7336 Postings, 6835 Tage 54reabBürgerverunsicherung

Pläne der SPD zur Bürgerversicherung

Kassenbeitrag für Reiche soll enorm steigen


Die von der SPD eingesetzte Reformkommission will die Krankenkassenbeiträge für wohlhabende Bürger annähernd verdoppeln. Das soll mit einer zweiten Beitragsbemessungsgrenze erreicht werden.
Von Ulrich Schäfer

So wollen die Sozialdemokraten nicht nur, wie bisher, das Arbeitseinkommen bis zu einer bestimmten Gehaltsgrenze mit Beiträgen belasten, sondern bis zu einer ähnlichen Höhe auch Beiträge auf Miet- und Kapitaleinkünfte erheben. "Es wird zwei Beitragsbemessungsgrenzen geben: die eine für Lohn und Gehalt, die andere für Vermögenseinkommen", sagte ein Kommissions-Mitglied.

Bislang erheben die gesetzlichen Krankenkassen nur auf einen Teil des Arbeitseinkommens Beiträge. Die Grenze hierfür beträgt derzeit monatlich 3487,50 Euro; die Teile des Einkommens, die darüber hinaus gehen, sind beitragsfrei.

Die SPD-Kommission plant nun, eine separate Beitragsgrenze einzuführen, die nur für Kapitalerträge und Mieteinkünfte gilt.
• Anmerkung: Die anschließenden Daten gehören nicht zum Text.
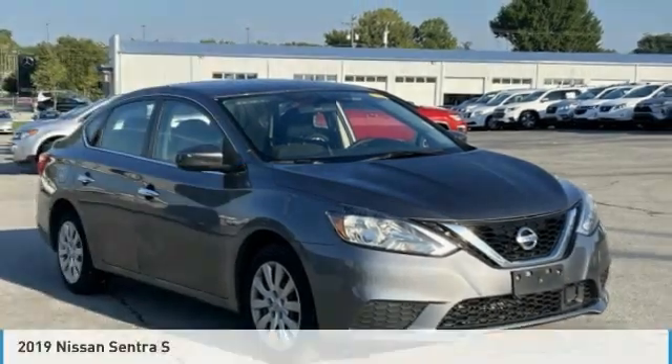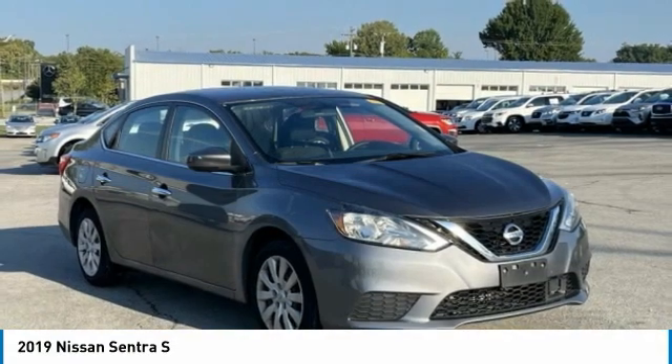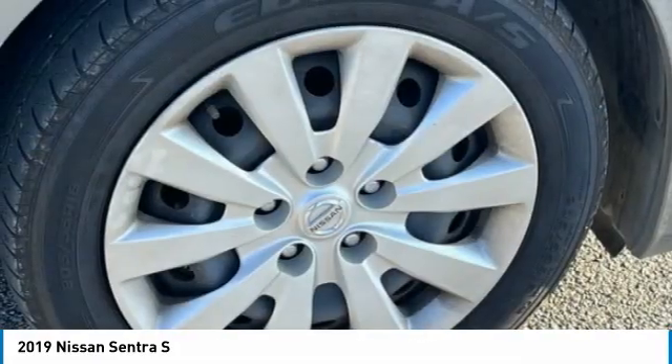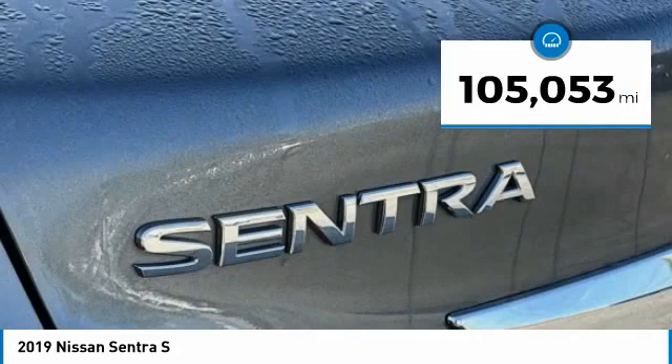Drive the 2019 Sentra — with its spacious and versatile interior and stellar fuel efficiency, the Nissan Sentra is the obvious choice for anyone who wants to enjoy a stylish and comfortable ride. This vehicle has less than 110,000 miles.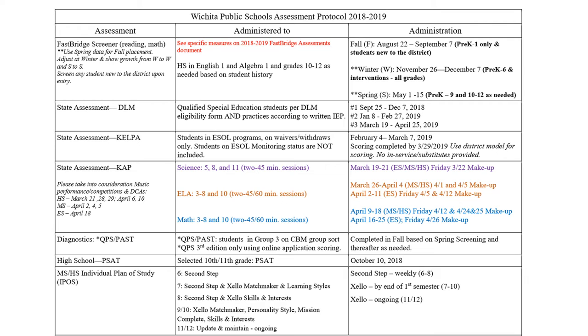At the bottom of the page, it talks about individual plans of study for middle school and high school using Zello. This is really a casual tool to help students get ready for careers in their future. They do a learning style quiz to figure out what kind of learner they are, and a career matchmaker, which points them toward careers that might be good for them based on their skills. They're also allowed on Zello to investigate more careers they're interested in.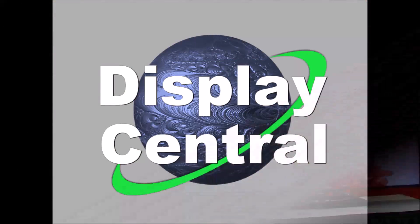That's mostly the key news here from QD Vision. Chris Chinnock for Display Central.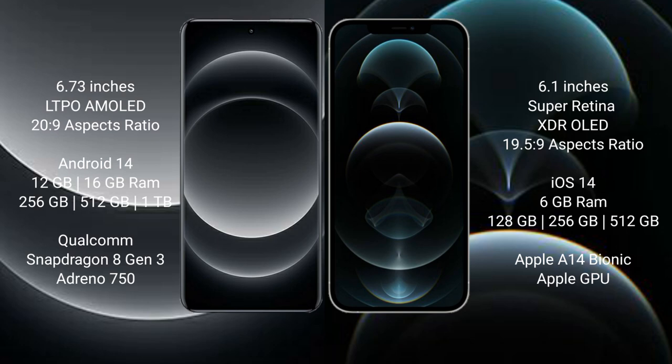Xiaomi 14 Ultra runs on the Android 14 operating system. iPhone 12 Pro runs on the iOS 14 operating system.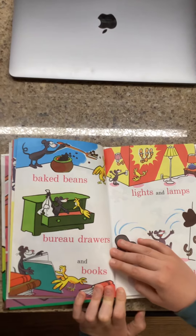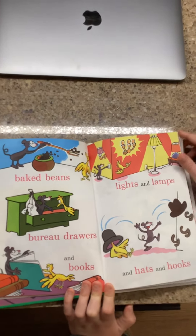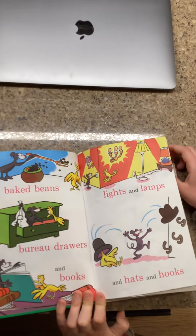Baked beans, bureau drawers and books. Highlights and lamps and hats and hooks.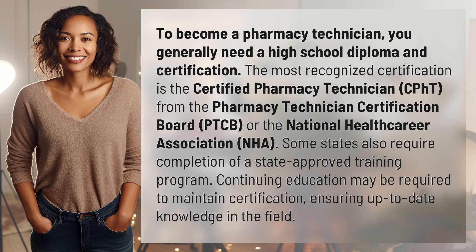Continuing education may be required to maintain certification, ensuring up-to-date knowledge in the field.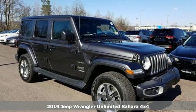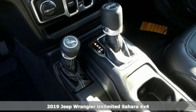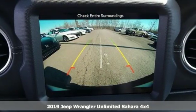It's a new 2019 Jeep Wrangler Unlimited. The Jeep life fits your life. A great vehicle is comprised of great features like these.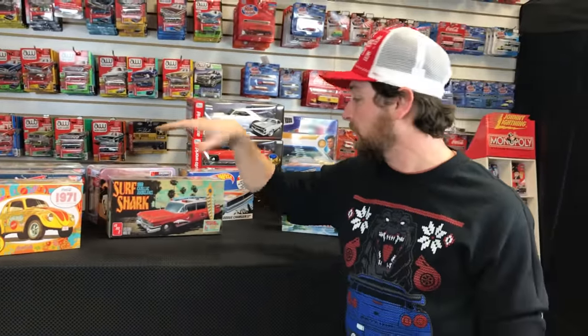That's everything for December 2021 — a ton of stuff for this year. I always want to thank you guys so much for supporting us throughout the year, keeping the hobby alive, watching these videos, and following us on Facebook and Instagram. Thank you for another awesome year. We'll see you in 2022!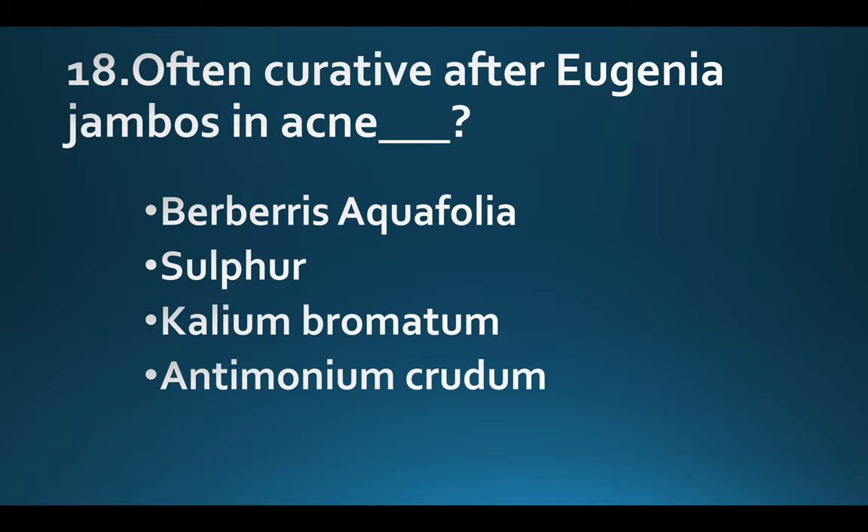Often curative after Eugenia jambos in acne. Option A: Berberis aquifolium. Option B: Sulphur. Option C: Kali bromatum. Option D: Antimonium crudum. Answer: Option C, Kali bromatum.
Wer über ein reguläres Einkommen verfügt und daneben über ein großes Vermögen oder Mieteinkünfte, muss also damit rechnen, dass sich sein Krankenkassenbeitrag mit der Einführung einer Bürgerversicherung verdoppelt. Um nicht auch Kleinsparer zu treffen, will die SPD-Kommission für diese einen Freibetrag einführen.

Auch Beamte, Unternehmer und Freiberufler einbezogen

Mit der zweifachen Beitragsgrenze würde die SPD ein Problem lösen, das seit Monaten die Partei beschäftigt. So wollen die Sozialdemokraten nicht nur Arbeiter und Angestellte in die gesetzlichen Kassen einbeziehen, sondern auch Beamte, Freiberufler und Unternehmer; zugleich sollen Besserverdiener durch die Bürgerversicherung stärker belastet werden.

Genau diese Umverteilung würde aber misslingen, wenn es nur eine Beitragsgrenze gäbe. Denn Besitzer großer Vermögen zahlen meist schon den Höchstbeitrag, weil bereits ihr Arbeitseinkommen über der Höchstgrenze liegt; sie müssten also keinen Euro zusätzlich bezahlen.

Familien mit kleinen und mittleren Einkommen, die zudem noch über ein kleines Sparvermögen verfügen, würden dagegen stärker belastet.

Streit in der Union um Gegenmodell

Unterdessen streitet die Union weiter über ihr Gegenmodell zur Bürgerversicherung. CDU-Chefin Angela Merkel warb am Wochenende erneut für die Gesundheitsprämie, einen einheitlichen, vom Lohn unabhängigen Kassenbeitrag von 200 Euro für alle Versicherten.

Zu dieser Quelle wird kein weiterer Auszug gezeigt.